Jusepe de Ribera, born near Valencia, Spain at Xátiva, had been intended by his parents for a literary or learned career, but he had neglected these studies and is said to have apprenticed with the Spanish painter Francisco Ribalta in Valencia, although no proof of this connection exists.
Longing to study art in Italy, he had made his way to Rome via Parma, where he is recorded in 1611.
According to one source, a cardinal noticed him drawing from the frescoes on a Roman palace facade, and housed him.
Roman artists gave him the nickname "Lo Spagnoletto."
He became a follower of Caravaggio's style, one of the so-called Tenebrosi, or shadow-painters, owing to the sharp contrasts of light and shade marking their style.
He traveled to Parma, where he completed a painting on the subject of Jacob's Ladder, now in the Prado Museum, Madrid.
Ribera lived in Rome from 1613-16, on the Via Margutta, and associated with other Caravaggisti, including Gerrit van Honthorst and Hendrik ter Brugghen.
He then moved to Naples, to avoid his creditors, according to Giulio Mancini, who described him as extravagant.
He may also have already arranged his marriage, to the daughter of a Neapolitan painter, Giovanni Bernardino Azzolino, in November, 1616.
The Kingdom of Naples, at this time part of the Spanish Empire, has been ruled by a succession of Spanish Viceroys.
Ribera's Spanish nationality aligns him with the small Spanish governing class in the city, and also with the Flemish merchant community, from another Spanish territory, who include important collectors of and dealers in art.
Ribera has begun to sign his work as "Jusepe de Ribera, Español" or "Jusepe de Ribera, Spaniard".
He had been able to quickly attract the attention of the Viceroy, the Duke of Osuna, also recently arrived, who had given him a number of major commissions, which showed the influence of Guido Reni.
The period after Osuna was recalled in 1620 seems to have been difficult.
Few paintings survive from 1620 to 1626; but this was the period in which most of his best prints were produced.
These were at least partly an attempt to attract attention from a wider audience than Naples.
His career had picked up by the late 1620s, and he is accepted as the leading painter in Naples from this point forward.

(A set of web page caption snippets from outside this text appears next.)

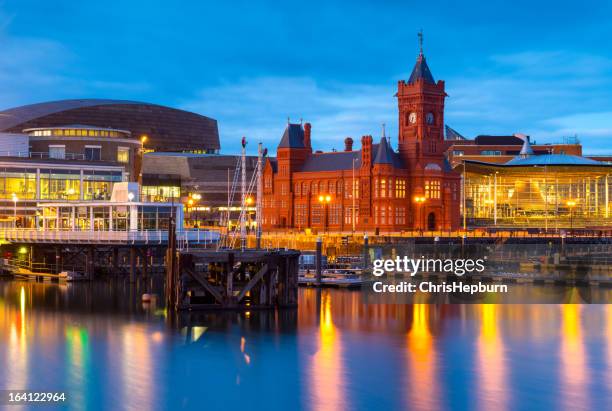 bucht von cardiff, wales - cardiff bay stock-fotos und bilder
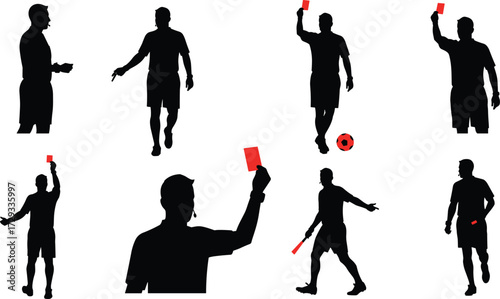 Soccer referee silhouettes showing whistle, red card, ball holding, and officiating gestures for football match discipline vector illustration design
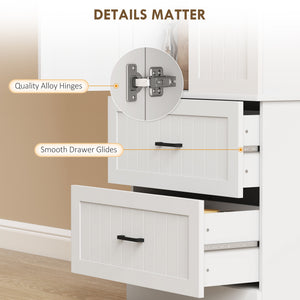 Armoire de rangement haute 67 po, avec étagères réglables et 2 tiroirs, Blanc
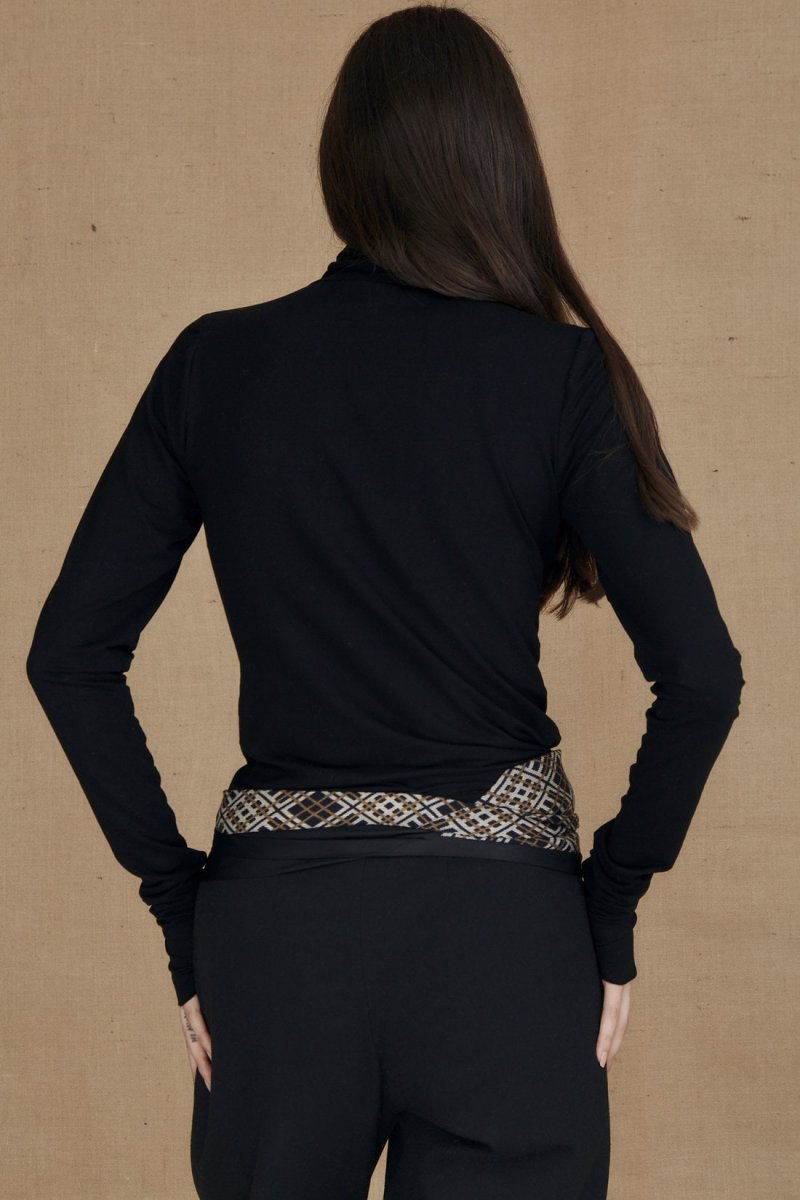 Col roulé noir fin pour femme en jersey viscose WONDER – Image 5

Although Ribera will never return to Spain, many of his paintings will be taken back by returning members of the Spanish governing class, for example the Duke of Osuna, and his etchings are brought to Spain by dealers.
His influence can be seen in Velázquez, Murillo, and most other Spanish painters of the period.
In his earlier style, founded sometimes on Caravaggio and sometimes on the wholly diverse method of Correggio, the study of Spanish and Venetian masters can be traced.
Along with his massive and predominating shadows, he retains from first to last a great strength in local coloring.
His forms, though ordinary and sometimes coarse, are correct; the impression of his works gloomy and startling.
He delights in subjects of horror.
He is an important etcher, the most significant Spanish printmaker before Goya, producing about forty prints, nearly all in the 1620s.